Nel piccolo paese di Serravalle, ai piedi delle colline e accarezzato dalle acque del torrente Scrivia, viveva una bambina molto intelligente simpatica che si chiamava Angela.

Il nome le calzava a pennello perché possedeva una grandissima dote: sapeva entrare nel cuore delle persone e regalava il suo sorriso a chi era triste.

Quell’anno, avrebbe voluto fare un regalo a tutti quelli che per quella importante festa erano soli e percepivano l’atmosfera natalizia con sentimenti contrastanti perché la gioia degli altri li rendeva malinconici. Non che fossero invidiosi, per carità, ma sapevano che per loro era diverso.

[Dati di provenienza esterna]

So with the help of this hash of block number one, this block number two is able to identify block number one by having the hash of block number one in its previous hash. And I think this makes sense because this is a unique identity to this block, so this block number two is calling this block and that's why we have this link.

Molti di questi erano anziani, altri avevano perso i loro affetti più cari e restava solo il ricordo di chi ormai non c’era più. Alcuni erano diventati poveri perché avevano perso il lavoro e a causa della loro età non riuscivano a trovarne un altro, altri il lavoro non lo avevano ancora trovato anche se erano giovani e in gamba.

Il mondo stava andando all’indietro, il progresso aveva generato pochi ricchi e tantissimi disperati.

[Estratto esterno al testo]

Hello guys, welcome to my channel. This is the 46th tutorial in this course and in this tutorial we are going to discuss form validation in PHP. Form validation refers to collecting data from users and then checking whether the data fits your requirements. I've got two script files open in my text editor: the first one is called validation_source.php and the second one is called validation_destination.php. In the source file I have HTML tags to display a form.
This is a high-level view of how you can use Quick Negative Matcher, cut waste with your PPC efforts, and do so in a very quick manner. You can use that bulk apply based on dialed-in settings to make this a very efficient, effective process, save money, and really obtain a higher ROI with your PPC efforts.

Angela era ancora una bambina ma si rendeva conto di ciò che stava succedendo intorno a lei e ne soffriva.

Avrebbe voluto fare qualcosa di concreto e ci pensava giorno e notte; voleva trovare il modo di alleviare, almeno per un giorno così speciale, i grattacapi del prossimo.

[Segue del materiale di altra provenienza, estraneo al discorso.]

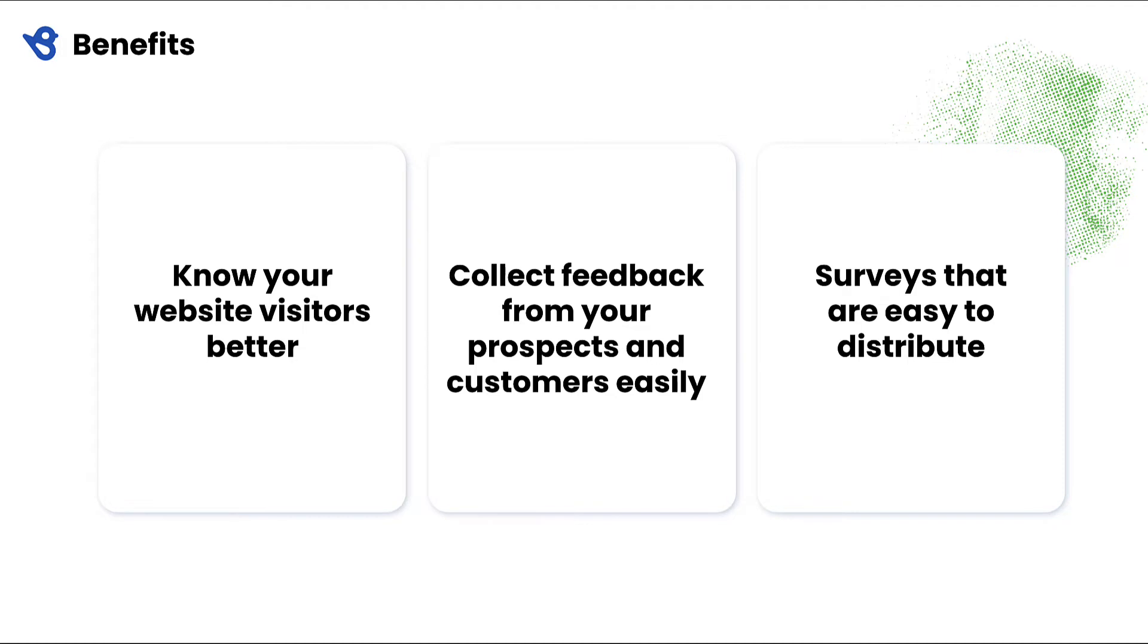BirdEye Surveys is an easy-to-use, cloud-based product designed for multi-location businesses to listen to customer feedback, take action, and deliver a superior customer experience.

Non sapeva davvero come fare e un giorno, per trovare ispirazione, andò a fare una passeggiata nel grande prato vicino alla chiesetta di Montei.

Camminò lungo le vigne, entrò nel bosco di castagni e si accorse che tra la neve caduta copiosamente i giorni precedenti, sbucavano bellissimi fiori bianchi.

Non li aveva mai notati prima ed era strano che i fiori sbocciassero in inverno.

Li raccolse e ne fece dei grandi mazzi. Scese in paese di corsa e chiamò a raccolta i suoi amici, poi tutti insieme si incamminarono verso il pensionato, dove vivevano molti anziani rimasti soli.

Insieme ai vecchietti cantarono le canzoni più belle del Natale e addobbarono le stanze con i fiori appena raccolti: le rose di Natale.

Le loro voci arrivarono in piazza del mercato, a porta Genova poi a Ca’ del sole e nel quartiere Lastrico. Furono uditi anche a Stazzano e all’Outlet.

Una moltitudine di persone fu guidata all’origine di quella melodia. E tutti, piccoli e grandi, poveri e ricchi si misero a cantare.

Il messaggio arrivò forte e chiaro: se al freddo dell’inverno la natura regalava fiori così meravigliosi, non bisognava perdere il sorriso e la speranza.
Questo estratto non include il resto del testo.